On appeal, Williams first renews his argument that he stated a claim for retaliation by alleging that he was placed in segregation because he filed grievances against the two correctional officers who called him names. A plaintiff must plead three elements in order to state a claim for retaliation: he must “speciffy] a retaliatory action”; he must name the appropriate defendants; and he must “assert[ ] a constitutionally protected activity, the exercise of which caused the ... retaliatory action.” Hoskins v. Lenear, 395 F.3d 372, 375 (7th Cir.2005). Williams met this standard: he identified the filing of false reports and his placement in segregation as the retaliatory action; he specified the relevant defendants; and he invoked his constitutional right to use the prison grievance procedures. See id.; Lekas v. Briley, 405 F.3d 602, 614 (7th Cir.2005) (“prisoner can sufficiently state a claim for relief when he alleges that prison officials issued baseless disciplinary tickets against him in retaliation for pursuit of administrative grievances”). The district court may have believed this claim precluded on the theory that retaliation is a violation of due process and therefore subject to the requirement that a plaintiff identify a liberty interest in order to state a claim. See Hoskins, 395 F.3d at 375. But as we explained in Hos-kins, the basis for a retaliation claim need not independently violate the Constitution, *552 id., so Williams need not demonstrate an interest in remaining out of segregation.

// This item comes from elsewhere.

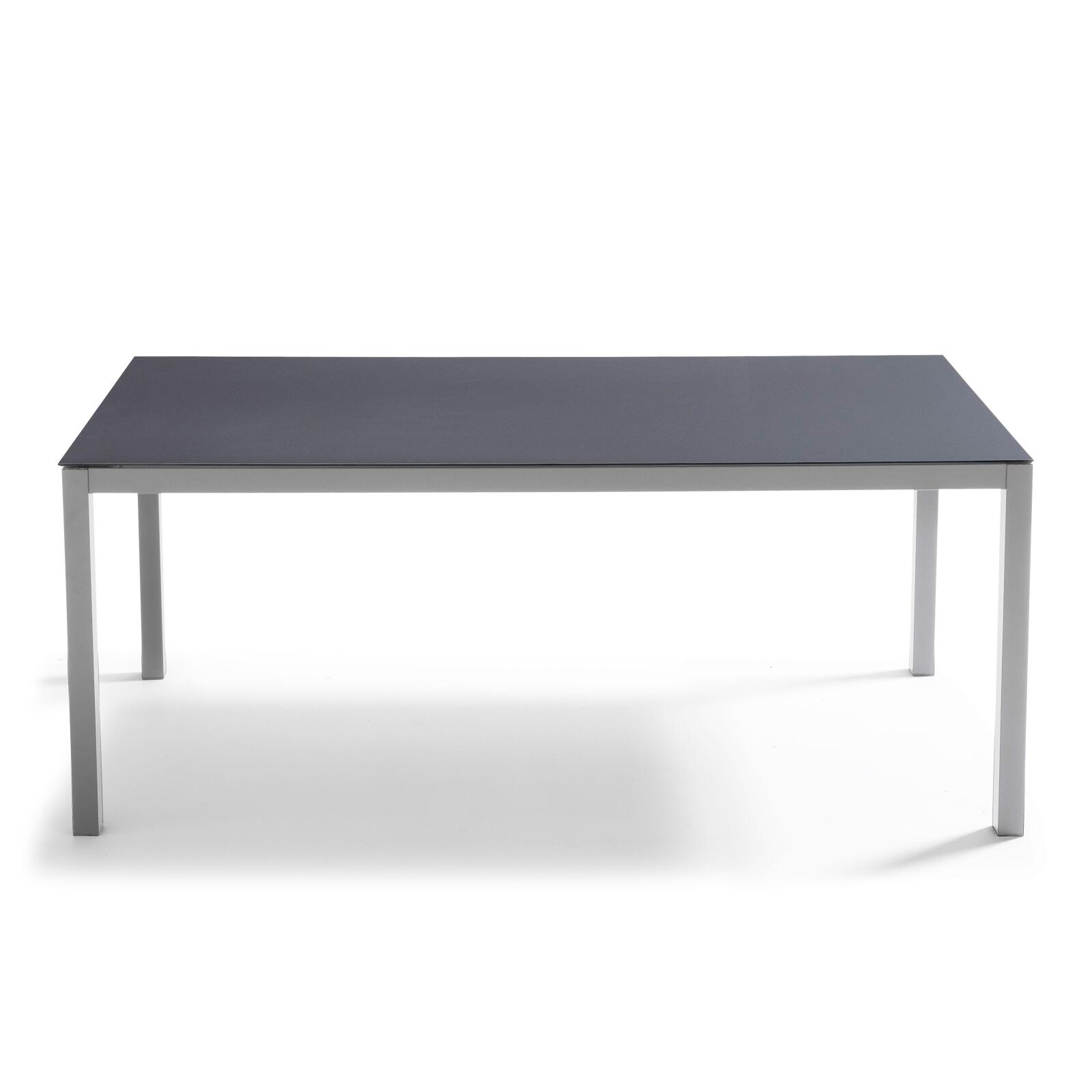 Table de jardin rectangulaire 182 x 90 cm et 8 chaises en aluminium avec plateau en verre de sécurité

Williams’s next significant argument is that the prison’s policy regarding dreadlocks violated his right to freedom of religion. “[W]hen a prison regulation impinges on inmates’ constitutional rights, the regulation is valid if it is reasonably related to legitimate penological interests.” Turner v. Safley, 482 U.S. 78, 107 S.Ct. 2254, 2261, 96 L.Ed.2d 64 (1987). “This is not a demanding standard.” Reed v. Faulkner, 842 F.2d 960, 962 (7th Cir.1988). As we explained in Reed, if “the regulation limiting the length of male inmates’ hair strikes a reasonable balance between the interest in religious liberty and the needs of prison safety and security, he must lose on his free exercise claim.” Id. at 962.

The district court erred in evaluating Williams’s free exercise claims because it effectively applied a summary judgment standard. The court purported to balance the interests of Williams and the prison, and found the former “far outweighed” by the latter. But such a balancing process is not appropriate based on the pleadings alone, without the benefit of additional factfinding or a summary judgment record.